The police evidence inventory shows that the investigators have made note that the album features a pentagram on the case (presumably the band’s 2008 album All Hope Is Gone ) and also collected another 50 items of evidence including a “demonic drawing”, a novelty bullet, four knives and a dagger as evidence.
Smith is accused of murdering his grandparents with a machete, videotaping the gruesome scene on his camera phone and setting the house on fire in an attempt to cover up the crime.
Slipknot were also maligned after a 2008 murder in South Africa, when a sword-wielding schoolboy killed 16-year-old student while dressed in an outfit similar to Slipknot drummer Joey Jordison’s stage costume.
Pierre Eksteen, the director of a South African student support network, declared at the time that “Young people need to be informed of the effects of bad Satanic music”. However, the police investigative psychology unit investigating the case called for reason, nothing that “Whenever there is a murder, people jump to conclusions, and always God or Satan told the killers to do it.

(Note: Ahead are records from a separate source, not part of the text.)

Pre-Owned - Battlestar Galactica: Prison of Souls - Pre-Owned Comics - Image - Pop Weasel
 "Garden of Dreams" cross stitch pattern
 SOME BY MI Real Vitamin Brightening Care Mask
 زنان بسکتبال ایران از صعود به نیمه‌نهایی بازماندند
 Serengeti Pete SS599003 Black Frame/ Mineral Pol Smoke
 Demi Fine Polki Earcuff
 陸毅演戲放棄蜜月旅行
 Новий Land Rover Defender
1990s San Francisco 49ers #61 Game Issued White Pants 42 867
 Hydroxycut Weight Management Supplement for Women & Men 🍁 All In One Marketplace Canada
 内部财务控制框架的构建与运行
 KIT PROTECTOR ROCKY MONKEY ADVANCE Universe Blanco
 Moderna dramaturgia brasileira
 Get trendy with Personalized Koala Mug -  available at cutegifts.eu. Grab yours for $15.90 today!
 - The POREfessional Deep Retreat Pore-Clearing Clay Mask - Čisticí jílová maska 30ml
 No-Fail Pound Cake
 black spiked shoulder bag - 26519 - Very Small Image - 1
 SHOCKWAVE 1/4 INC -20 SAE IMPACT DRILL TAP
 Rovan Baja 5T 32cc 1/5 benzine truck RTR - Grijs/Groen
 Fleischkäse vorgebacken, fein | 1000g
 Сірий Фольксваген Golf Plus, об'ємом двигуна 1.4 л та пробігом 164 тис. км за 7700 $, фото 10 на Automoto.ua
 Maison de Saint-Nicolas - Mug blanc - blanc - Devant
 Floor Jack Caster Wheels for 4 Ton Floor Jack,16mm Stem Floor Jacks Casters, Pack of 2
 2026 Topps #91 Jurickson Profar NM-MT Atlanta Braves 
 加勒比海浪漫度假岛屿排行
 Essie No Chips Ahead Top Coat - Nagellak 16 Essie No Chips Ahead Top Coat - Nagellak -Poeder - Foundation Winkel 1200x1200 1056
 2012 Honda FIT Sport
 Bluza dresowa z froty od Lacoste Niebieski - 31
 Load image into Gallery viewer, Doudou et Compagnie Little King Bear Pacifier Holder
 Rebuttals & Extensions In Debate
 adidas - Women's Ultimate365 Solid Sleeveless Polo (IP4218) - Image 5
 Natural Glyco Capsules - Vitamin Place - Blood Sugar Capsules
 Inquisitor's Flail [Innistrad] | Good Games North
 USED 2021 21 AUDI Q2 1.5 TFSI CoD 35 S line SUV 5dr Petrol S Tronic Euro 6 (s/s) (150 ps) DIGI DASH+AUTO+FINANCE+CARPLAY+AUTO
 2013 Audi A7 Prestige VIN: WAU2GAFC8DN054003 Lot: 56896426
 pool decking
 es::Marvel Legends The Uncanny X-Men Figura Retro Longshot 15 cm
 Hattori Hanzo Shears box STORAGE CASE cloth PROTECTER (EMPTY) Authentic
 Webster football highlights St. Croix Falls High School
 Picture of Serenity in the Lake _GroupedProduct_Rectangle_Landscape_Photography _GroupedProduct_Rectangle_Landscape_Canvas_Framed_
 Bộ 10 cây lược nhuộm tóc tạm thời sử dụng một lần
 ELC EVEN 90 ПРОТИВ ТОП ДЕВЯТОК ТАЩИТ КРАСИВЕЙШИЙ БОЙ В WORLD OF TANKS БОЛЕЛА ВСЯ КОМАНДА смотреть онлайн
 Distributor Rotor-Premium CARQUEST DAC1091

These notions shouldn’t be taken seriously because it is straightforward: someone, of their own free will, can kill another person.”
On a far less serious (though perhaps mistimed note) linking Slipkot to horrible events in Oklahoma, the state’s squeaky clean trio Hanson laughed it up on April Fools Day by announcing that their next album “will consist entirely of Slipknot covers”.
The band released a ‘leaked’ rehearsal session as drummer Zac Hanson claimed that “We have always cited classic soul and rock and roll as an inspiration, but we have had long-time respect for heavy metal and bands like Slipknot who capture true angst.”